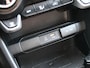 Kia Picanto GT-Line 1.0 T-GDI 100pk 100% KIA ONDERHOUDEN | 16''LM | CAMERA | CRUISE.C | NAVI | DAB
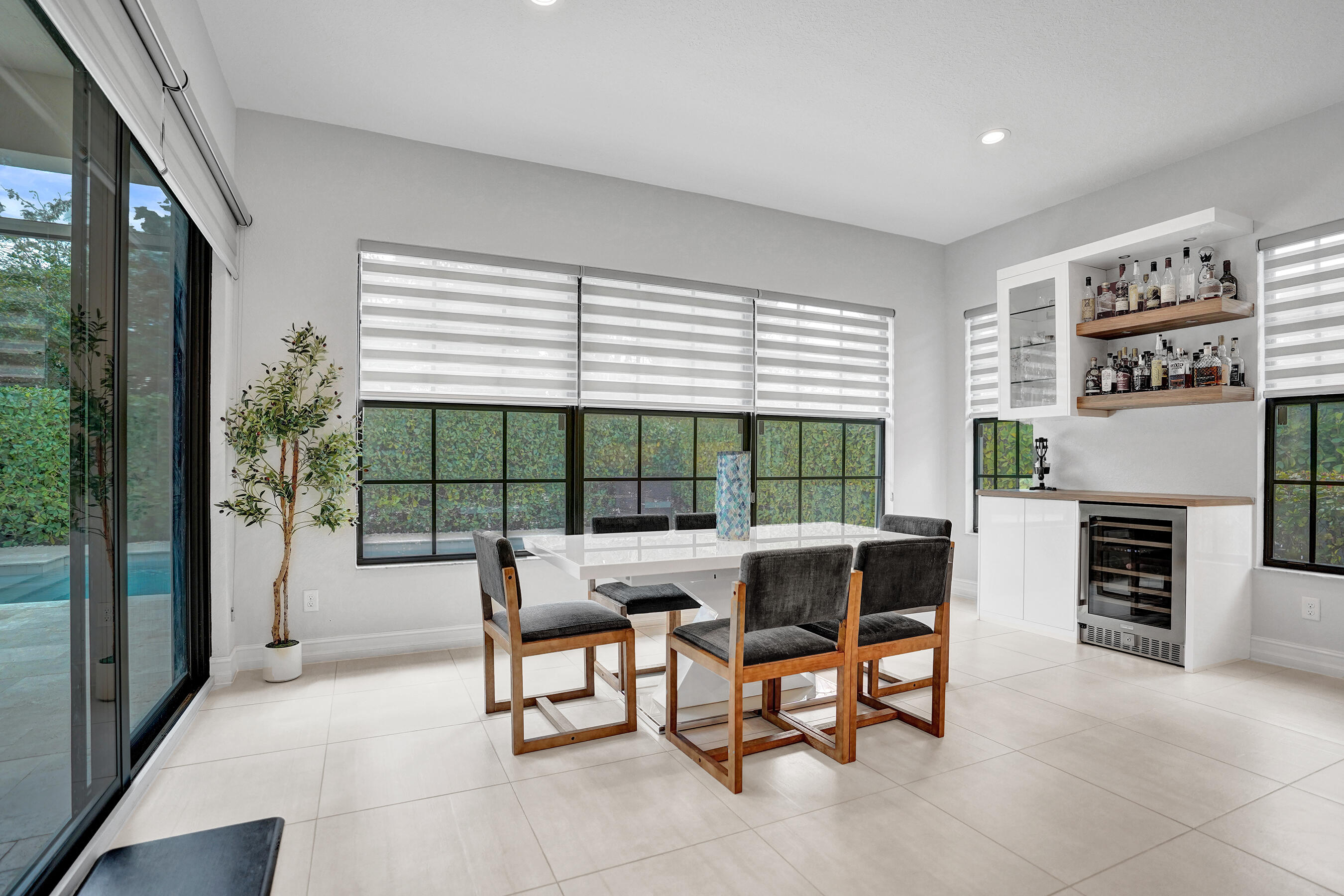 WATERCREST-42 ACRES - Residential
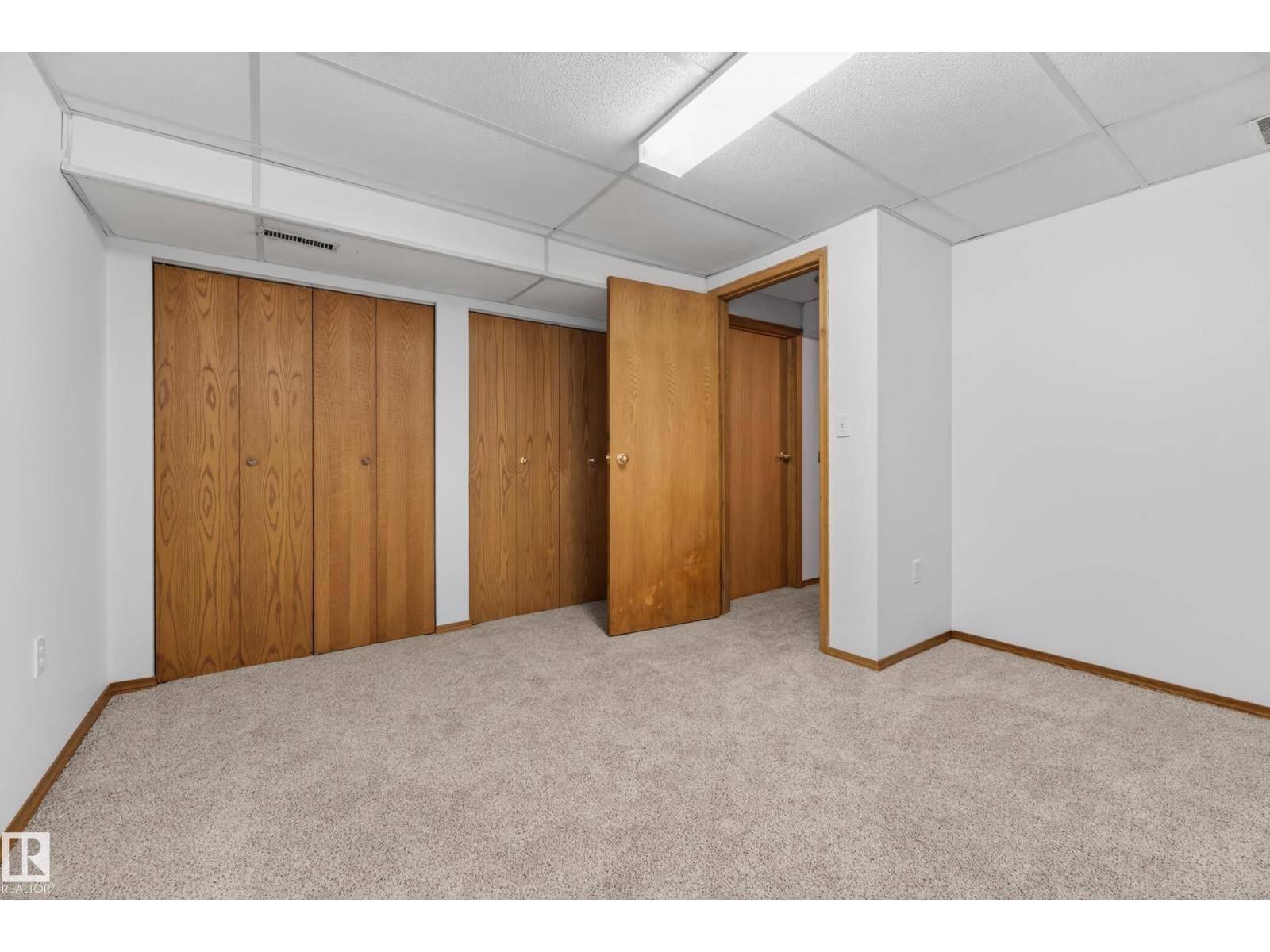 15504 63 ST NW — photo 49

• ABOUT THIS TASK: Would you mind transcribing the material exactly, without the pictures?

• THE COMPLETED TASK:
 Kia Picanto GT-Line 1.0 T-GDI 100pk 100% KIA ONDERHOUDEN | 16''LM | CAMERA | CRUISE.C | NAVI | DAB
 WATERCREST-42 ACRES - Residential
 15504 63 ST NW — photo 49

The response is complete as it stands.